Despite lumber prices going through the roof, builder confidence in the market for newly-built single-family homes reached a new record high this month, according to the National Association of Home Builders.
In August, NAHB/Wells Fargo Housing Market Index (HMI) reached 78, the highest reading in the 35-year history of the series, matching the record set in December 1998. Homebuilder optimism in September surpassed that by five points – soaring to an all-time high of 83.
However, rising costs for materials, especially lumber, and delivery delays have remained a cause of concern among builders.
“Lumber prices are now up more than 170% since mid-April, adding more than $16,000 to the price of a typical new single-family home,” said NAHB Chief Economist Robert Dietz. “That said, the suburban shift for home building is keeping builders busy, supported on the demand side by low-interest rates. In another sign of this growing trend, builders in other parts of the country have reported receiving calls from customers in high-density markets asking about relocating.”
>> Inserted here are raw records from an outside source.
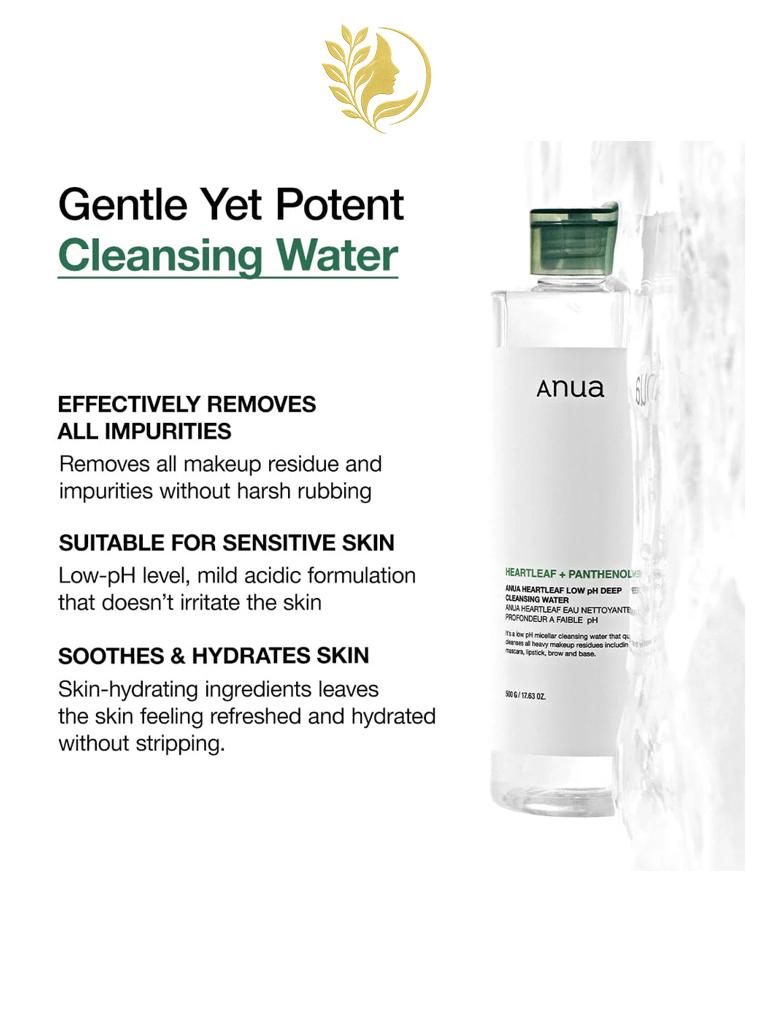 ANUA HEARTLEAF LOW PH DEEP CLEANSING WATER - 500 GR -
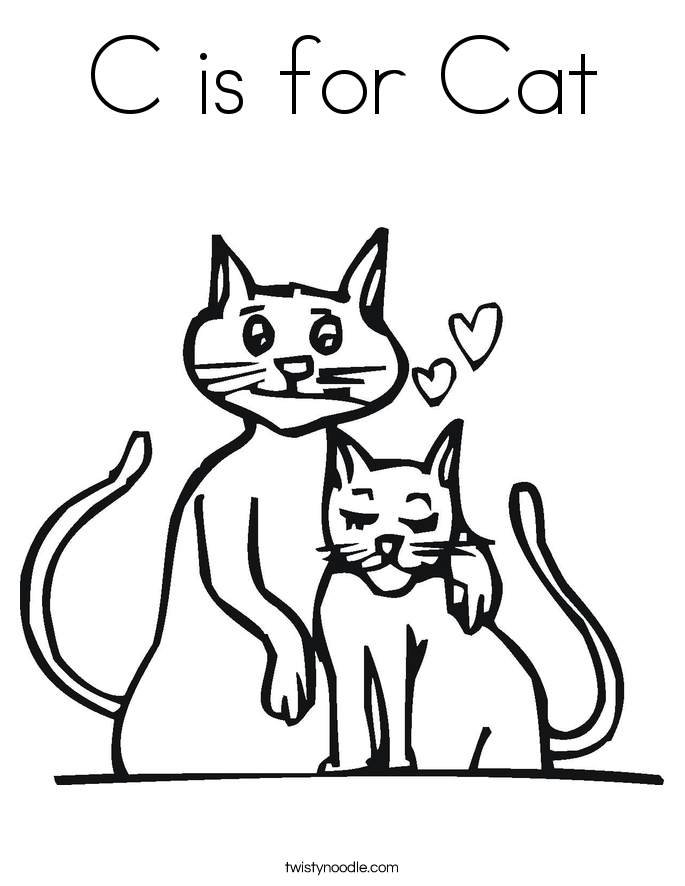 C is for Cat Coloring Page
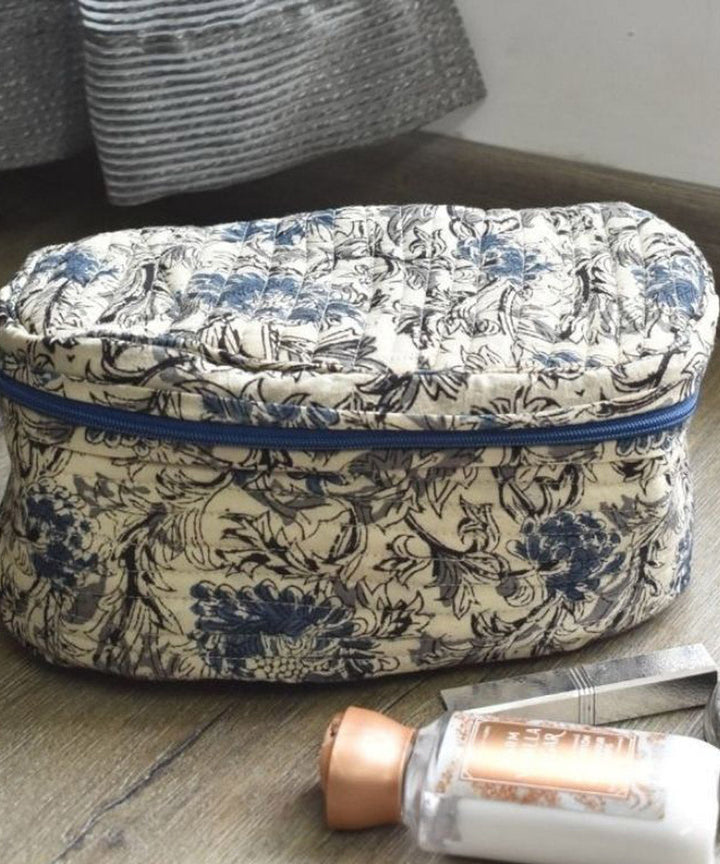 White blue crafted cotton kalamakri make up pouch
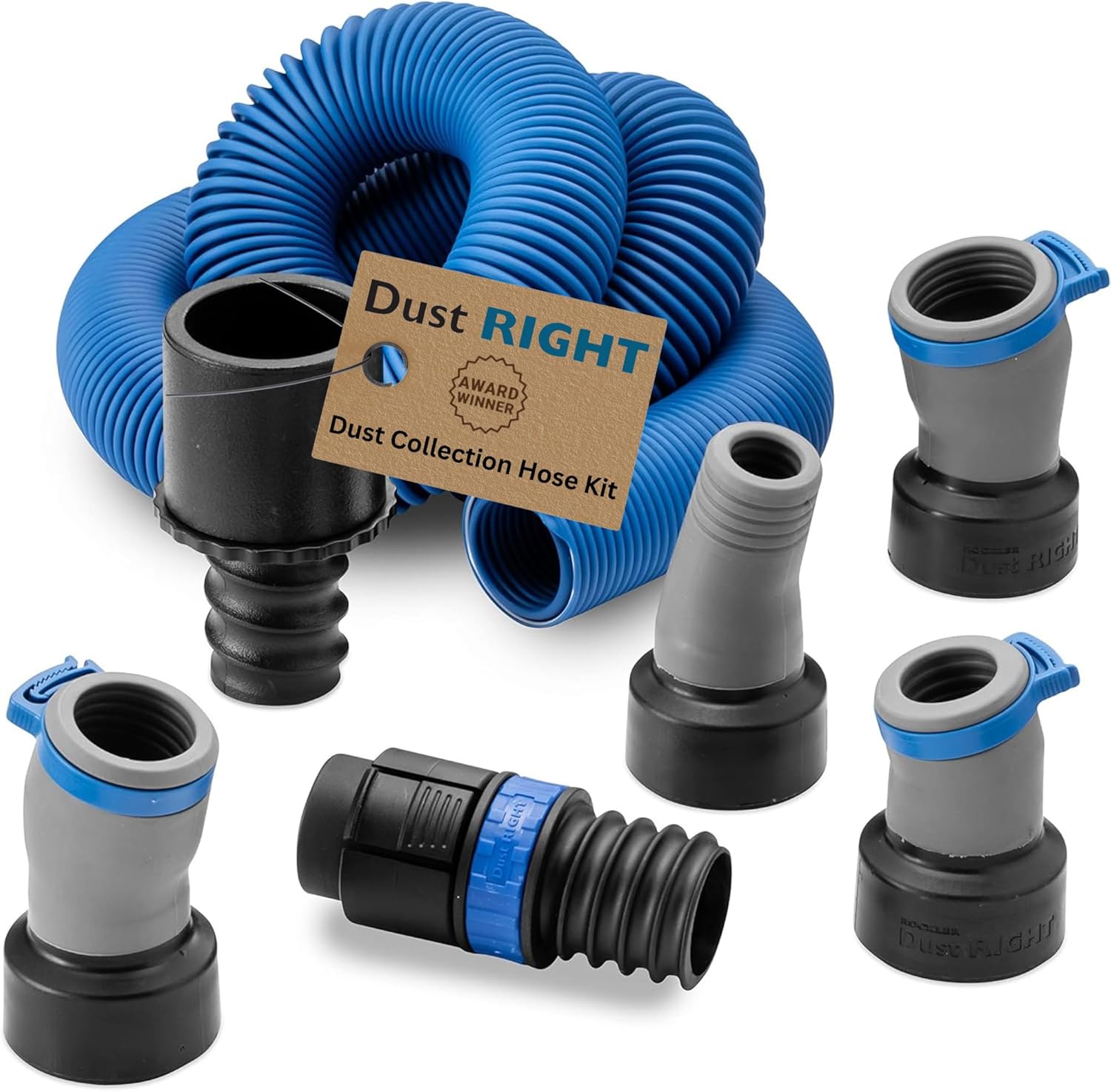 Dust Right Flexiport Power Tool Hose Kit, 3 To 12′ Expandable Hose & 4 FlexiPorts – Lightweight Dust Collectors for Woodworking Power Tools – Dust Collector Hose for Shop Vacuums, Table Saw & More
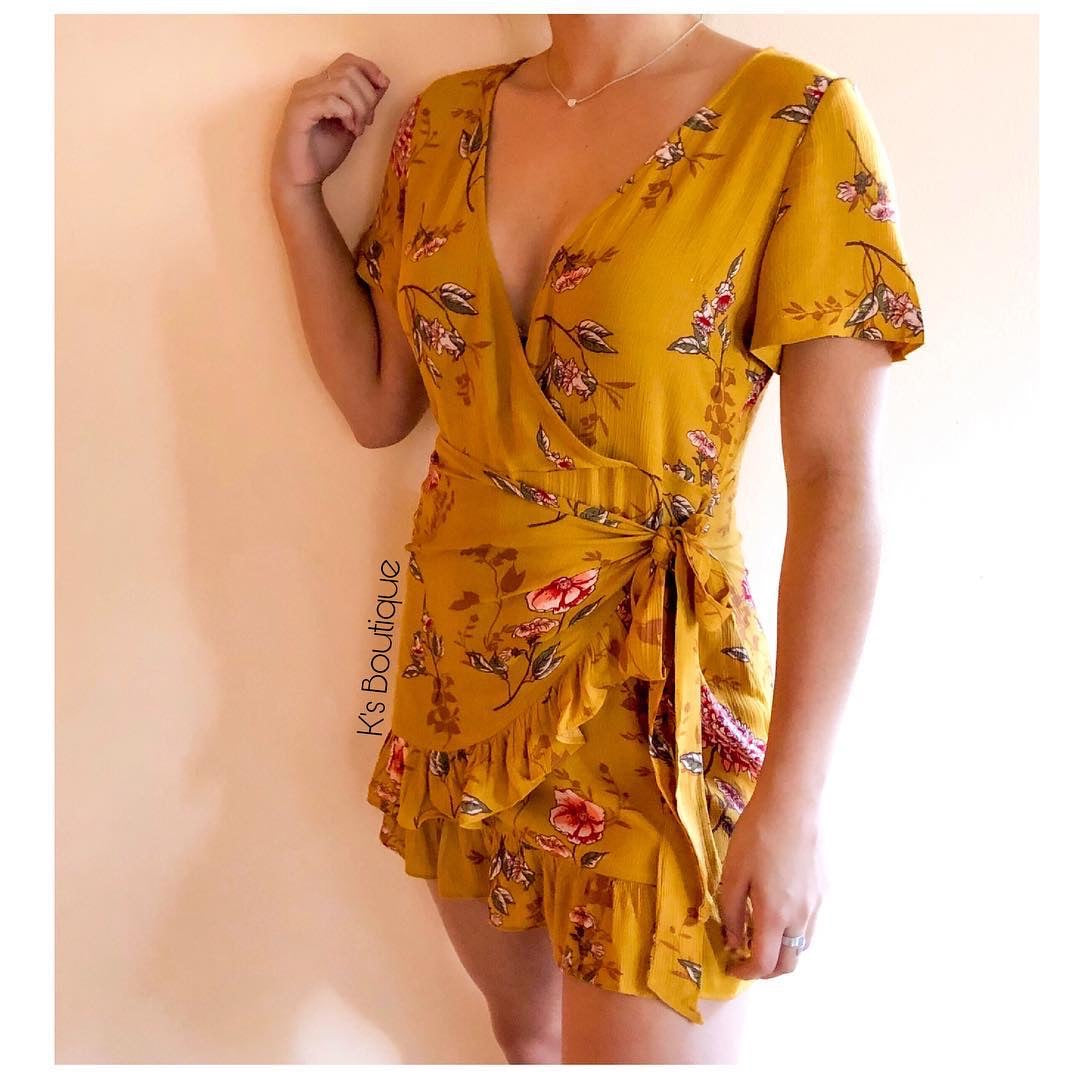 Mustard Floral Dress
All HMI indices posted their highest readings ever in September. The HMI measuring current sales conditions increased four points to 88, the component gauging sales expectations in the next six months rose six points to 84, and the measure charting traffic of prospective buyers jumped nine points to 73.
Regionally, the Northeast experienced an 11-point gain to 76, the Midwest was up nine points to 72, the South climbed eight points to 79, and the West increased seven points to 85.
“More domestic lumber production or tariff relief is needed to avoid a slowdown in the market in the coming months,” said NAHB Chairman Chuck Fowke.